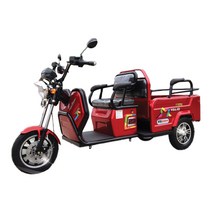 이지모터스 EG-200 친환경 전기 스쿠터 삼륜 오토바이 화물겸용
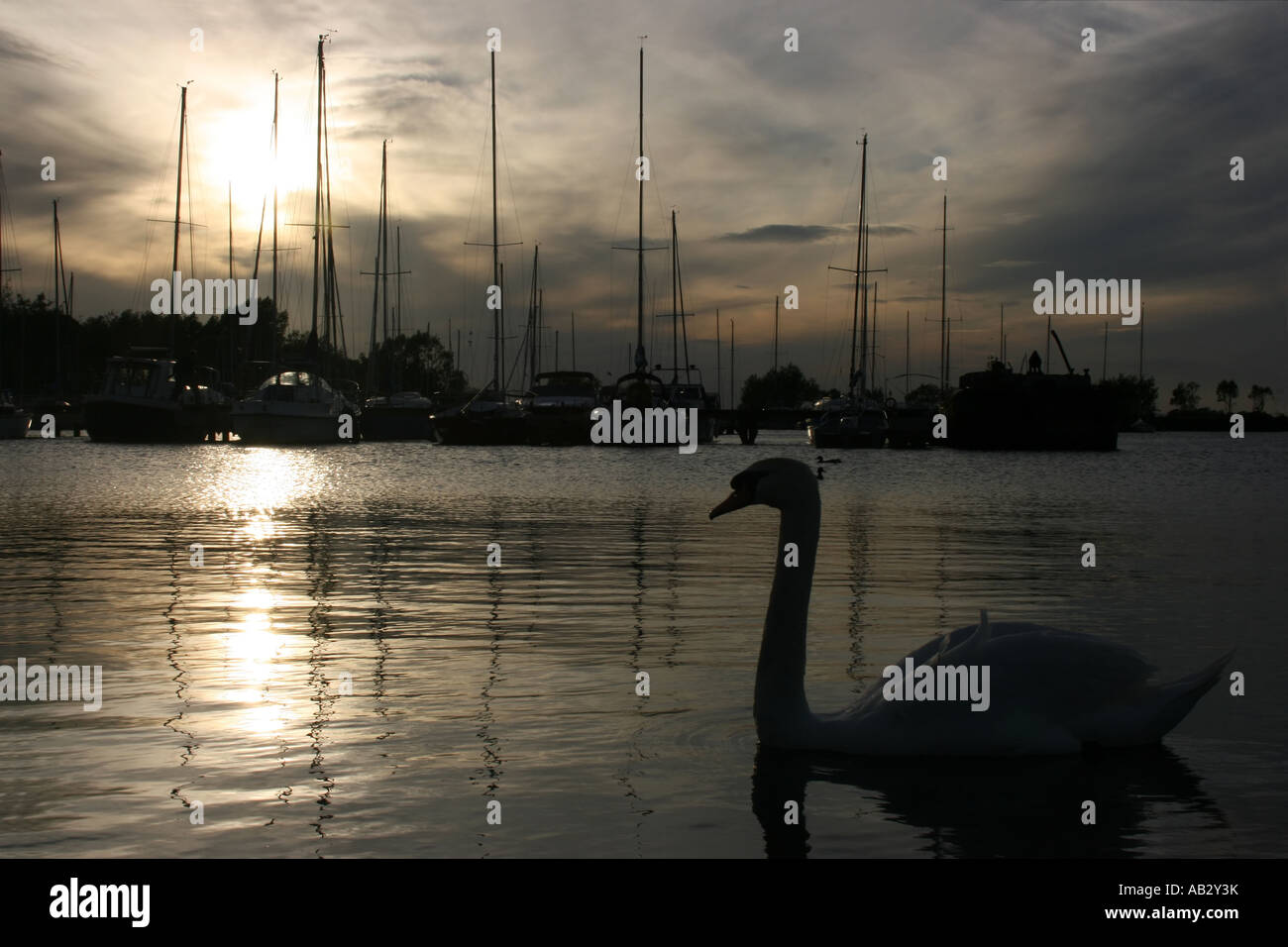 Sunset over Kinnego Marina a Lough Neagh, Craigavon, nella contea di Armagh, Irlanda del Nord Foto Stock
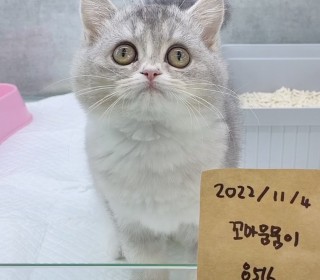 브리티쉬숏 분양
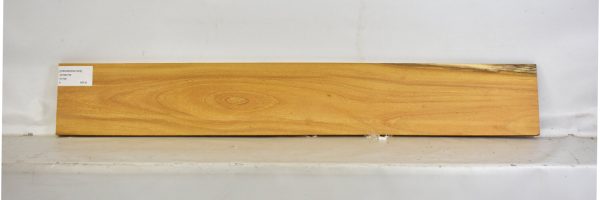 OSORARG1022_2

————————

> Brief
Wherever a picture appears in the listing above, drop it, and restate the rest exactly.

> Task response
 이지모터스 EG-200 친환경 전기 스쿠터 삼륜 오토바이 화물겸용
 Sunset over Kinnego Marina a Lough Neagh, Craigavon, nella contea di Armagh, Irlanda del Nord Foto Stock
 브리티쉬숏 분양
 OSORARG1022_2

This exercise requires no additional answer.